Chapter 3 describes incidents from Okonkwo’s childhood and young adulthood—incidents that have contributed to Okonkwo’s flawed character.
According to the first story from Okonkwo’s past, his father, Unoka, consulted the Oracle of the Hills and Caves, asking why he had produced bad harvests each year in spite of his sacrifices and planting procedures. During his story, Chika (the priestess of the Oracle) interrupted him angrily and told him that he hadn’t offended the gods, but in his laziness, he took the easy way out by planting on exhausted land. She told him to go home and work like a man.
Bad fortune followed Unoka, even to his death. He died of swelling in his stomach and limbs—an affliction not acceptable to Ani, the earth goddess. He therefore could not be buried properly, so he was taken to the Evil Forest to rot, making Okonkwo even more ashamed of his father.

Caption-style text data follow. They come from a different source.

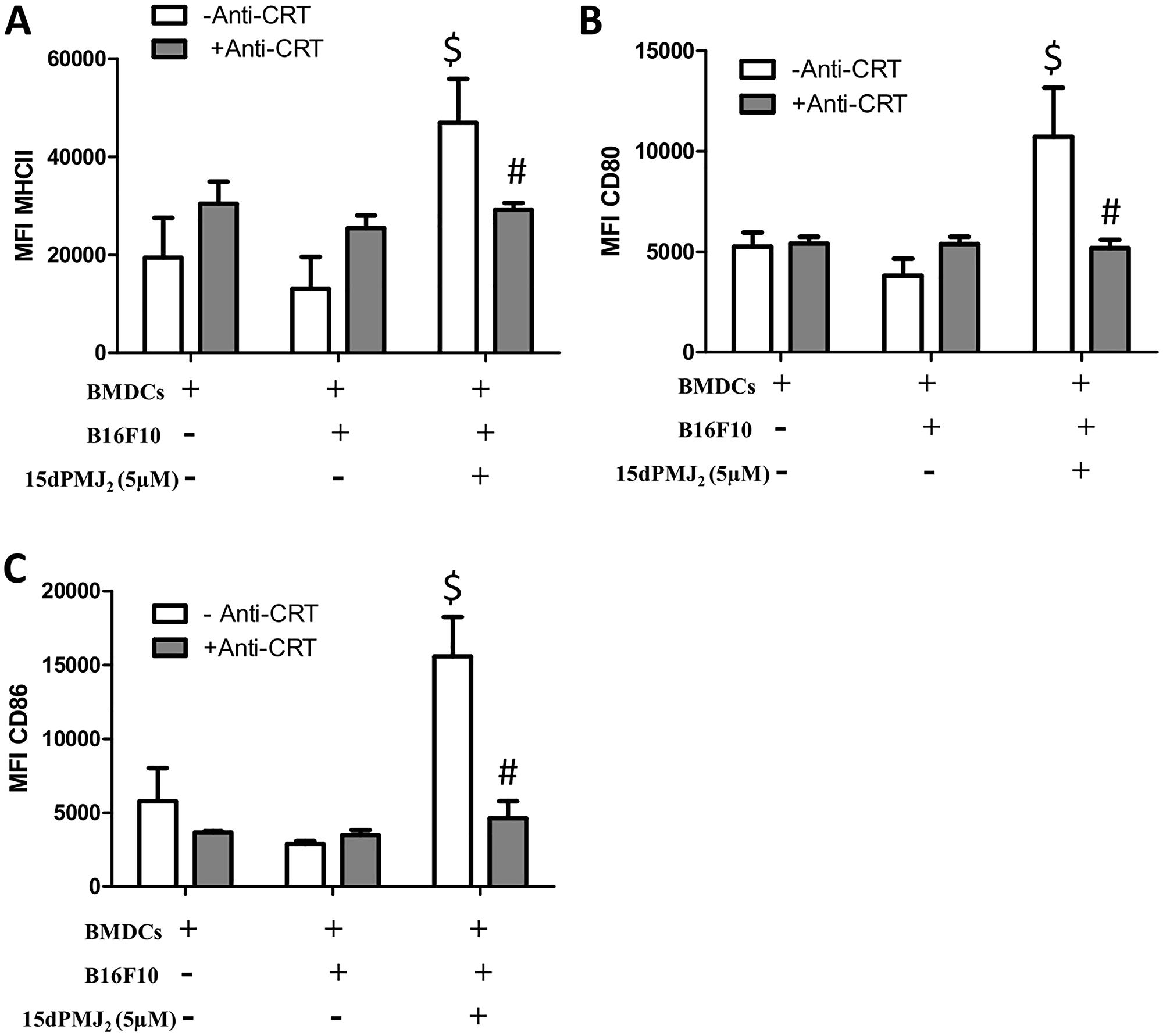 Cell surface calreticulin expression is required for 15dPMJ2-mediated DC activation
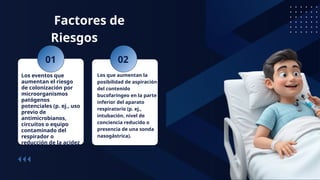 01 02
Los eventos que
aumentan el riesgo
de colonización por
microorganismos
patógenos
potenciales (p. ej., uso
previo de
antimicrobianos,
circuitos o equipo
contaminado del
respirador o
reducción de la acidez
gástrica).
Factores de
Riesgos
Los que aumentan la
posibilidad de aspiración
del contenido
bucofaríngeo en la parte
inferior del aparato
respiratorio (p. ej.,
intubación, nivel de
conciencia reducido o
presencia de una sonda
nasogástrica).
 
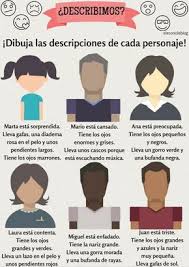Descripcion Fisica Y Emociones Recursos De Ensenanza De Espanol Actividades Para Clase De Espanol Espanol De Escuela Primaria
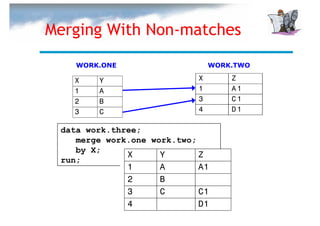 Merging With Non-matches
    WORK.ONE                    WORK.TWO

   X    Y                   X       Z
   1    A                   1       A1
   2    B                   3       C1
   3    C                   4       D1

 data work.three;
    merge work.one work.two;
    by X;
              X      Y       Z
 run;
              1      A       A1
              2      B
              3      C       C1
              4              D1
 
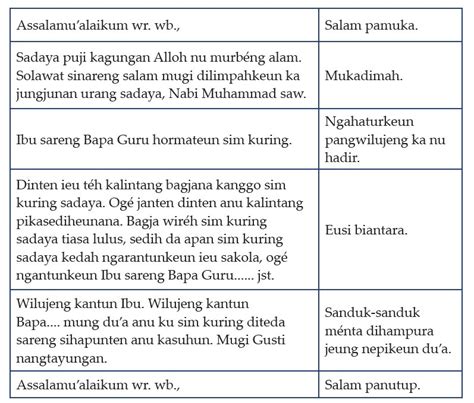 laleutik kalimahna  Di samping itu, Pupuh Kinanti juga dikenal dengan irama dan melodi musik yang indah sehingga membuatnya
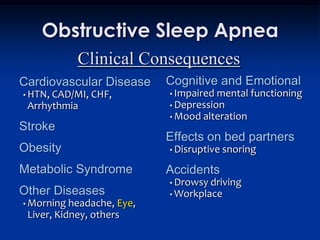Obstructive Sleep Apnea
            Clinical Consequences
Cardiovascular Disease      Cognitive and Emotional
• HTN, CAD/MI,   CHF,       • Impaired mental functioning
 Arrhythmia                 • Depression
                            • Mood alteration
Stroke
                            Effects on bed partners
Obesity                     • Disruptive snoring

Metabolic Syndrome          Accidents
                            • Drowsy driving
Other Diseases              • Workplace
• Morning  headache, Eye,
 Liver, Kidney, others
 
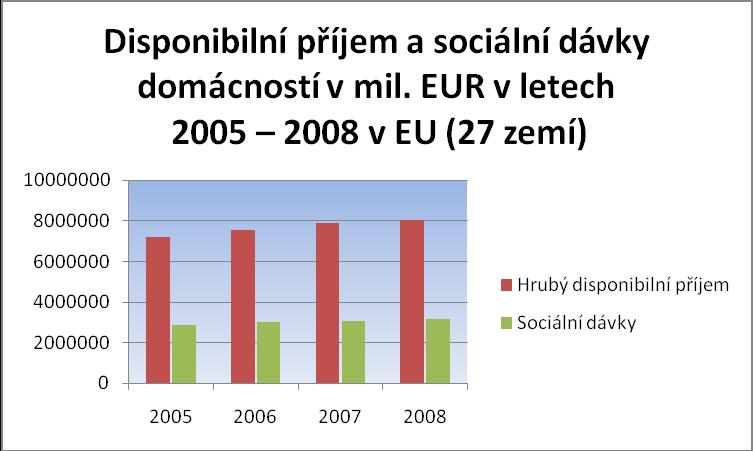 Příloha č. 17 Graf č. 11 a 12: Disponibilní příjem a sociální dávky domácností v mil. EUR v letech 2005 2008 Zdroj: Eurostat [online].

In the second story from Okonkwo’s past, the young Okonkwo was preparing to plant his first farm in yams—a man’s crop—while his mother and sisters grew women’s crops—such things as coco-yams and cassava. Because Okonkwo had received nothing from his father, he began his farming through share-cropping. To get help for his planting, he visited Nwakibie, a great man of the village, symbolized by his three barns, nine wives, and thirty children. After the proper greetings and rituals, Okonkwo asked Nwakibie for seed-yams and pledges his hard work in growing and harvesting them. According to the share-cropping contract, Okonkwo would return two-thirds of what he grew to Nwakibie and receive only a third of the total crop for himself, his parents, and his sisters. Nwakibie had already turned down similar requests from other young men. But he acknowledged Okonkwo’s earnestness and ambition and gave Okonkwo twice the number of seed-yams he’d hoped for.
The growing season that followed was disastrous for Okonkwo as well as for most other farmers of the village. The land suffered first a great drought and then unending rain and floods—a combination ruinous to the season’s harvest. Okonkwo was deeply discouraged, but he knew that he would survive because of his determination to succeed.